Date: Thu, October 19, 2006 4:58 am
To: mail@democracynow.org
Dear Amy,
In this time of corporate media and embeds, I have long regarded your show as one of the last bastions of independent journalism, and you, as personally restoring dignity to the word “journalist.” While I appreciate and agree with your pointed analyses and views on most issues, I am very disappointed by your failure to cover the railroadings of most high profile Muslim political prisoners, previously Imam Jamil El-Amin and the Virginia Seven, and now notably, Ahmed Abdel Sattar.
All proceedings in Ahmed’s case were held in New York, where his wife and children also live. You are based out of New York, yet you did not bother to interview any of them.

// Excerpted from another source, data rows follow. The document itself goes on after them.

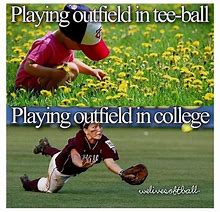 Image result for OU Softball Meme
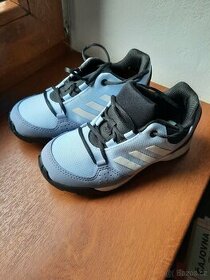 Nové dětské boty Adidas Terrex velikost 30 - 1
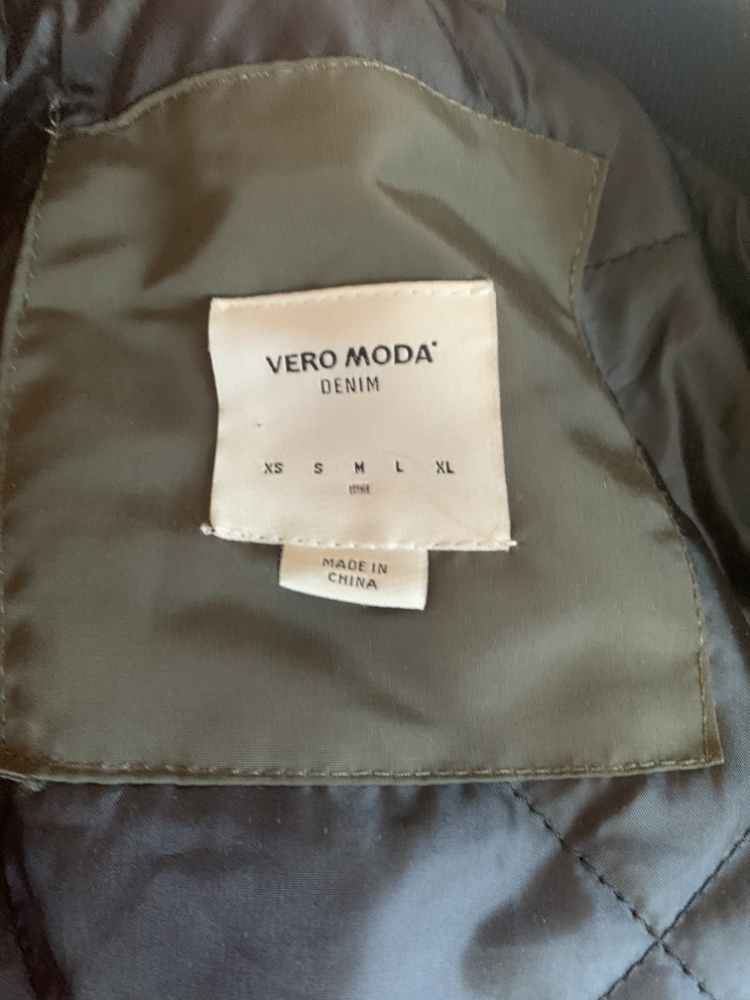 Vero Moda Jacket image indicator(10)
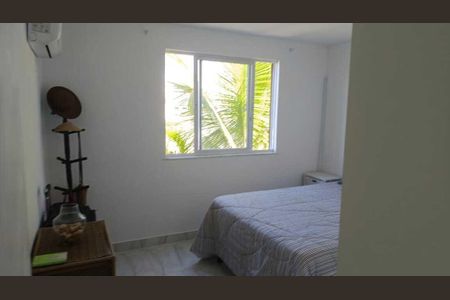 Quarto de casa de condomínio para alugar com 2 quartos, 50m² em Itapuã, Salvador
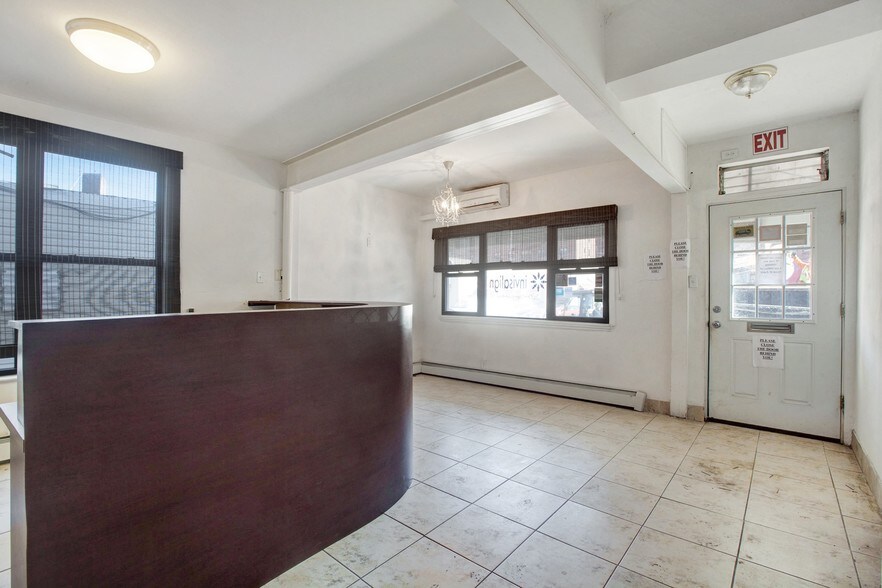 More Photos Of 3742 72nd St, Flushing Storefront Retail Residential For Sale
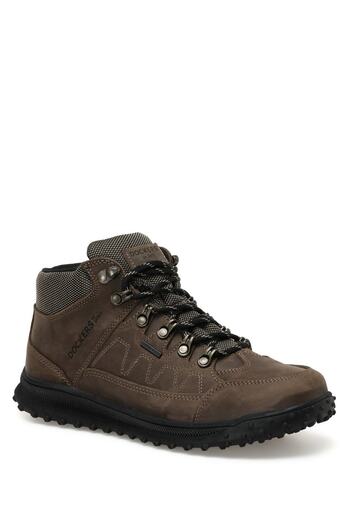 Dockers 233216   2pr Μπεζ Ανδρικά Παπούτσια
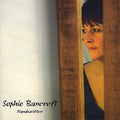 Sophie Bancroft: Handwritten  ( CD )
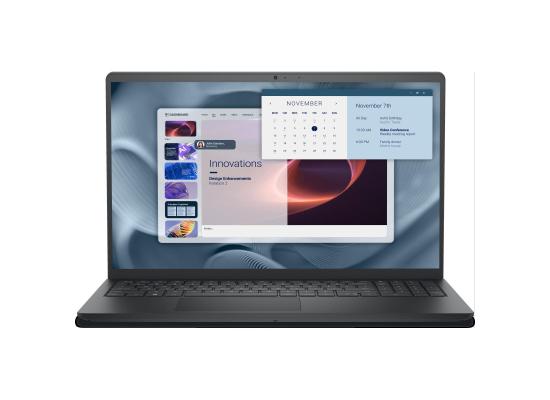 DELL-PV15250-1-550x400-1.jpg Dell Pro 15 Essential 14th Gen Core 3-100U DDR5 8GB M.2 PCIe NVMe 512GB 15.6" Business Laptop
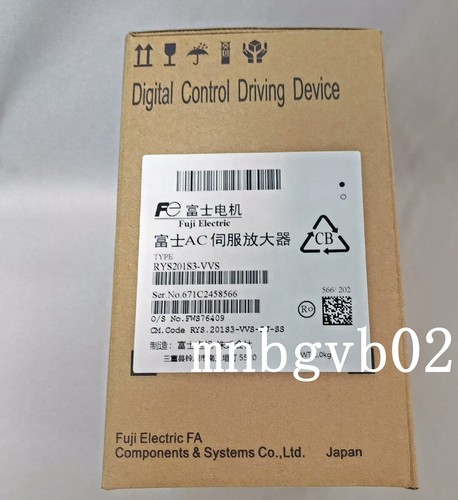 1pz nuovo fuji rys201s3vvs - fuji,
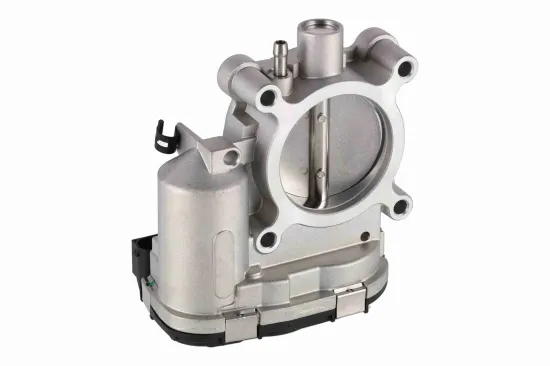 Drosselklappenstutzen VEMO V30-77-0137 Bild Drosselklappenstutzen VEMO V30-77-0137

You might consider that a government which lies about WMDs, spies on its own citizens, and engages in McCarthy-style labeling, blacklisting, and jailing of opponents just might have lied, labeled, and blacklisted--in order to jail--in this case as well. The government spent tens of thousands of dollars to railroad Ahmed, and held him for 4.5 years, while creatively building a case against him. Sadly, Democracy Now!’s excellent coverage of Lyn Stewart was sorely juxtaposed by its corporate media-style blackout of the railroading of Ahmed Abdel Sattar.
You might also consider that defense lawyers are not the only ones whom this trial was meant to terrorize. The Egyptian dissident community is ever more terrified of speaking out against the considerable abuses of Hosni Mubarak, after observing the jailing of yet another outspoken and courageous Egyptian patriot. Democracy Now! missed a prime opportunity to educate its listeners on the U.S. government’s silencing of foreign dissidents on U.S. soil.
Ahmed is not so different from the Filipino dissidents, assassinated on U.S. soil during the Marcos reign; or Orlando Letelier, murdered at Sheridan Circle in Washington, DC; or Alex Odeh, blown up as he worked in his own office. They are/were all courageous dissidents who fought to wrest their countries from imperialist domination, whether under Mubarak, Marcos, Pinochet, or Israeli apartheid—and paid for it with lives or, in this case, liberty.
I am hopeful that you will investigate this case independently, and not simply swallow the U.S. government’s characteristic unsavory labels (“Islamic fundamentalist,” etc) and fear mongering, used to ensure the conviction of this and other innocent Muslims, regardless of evidence.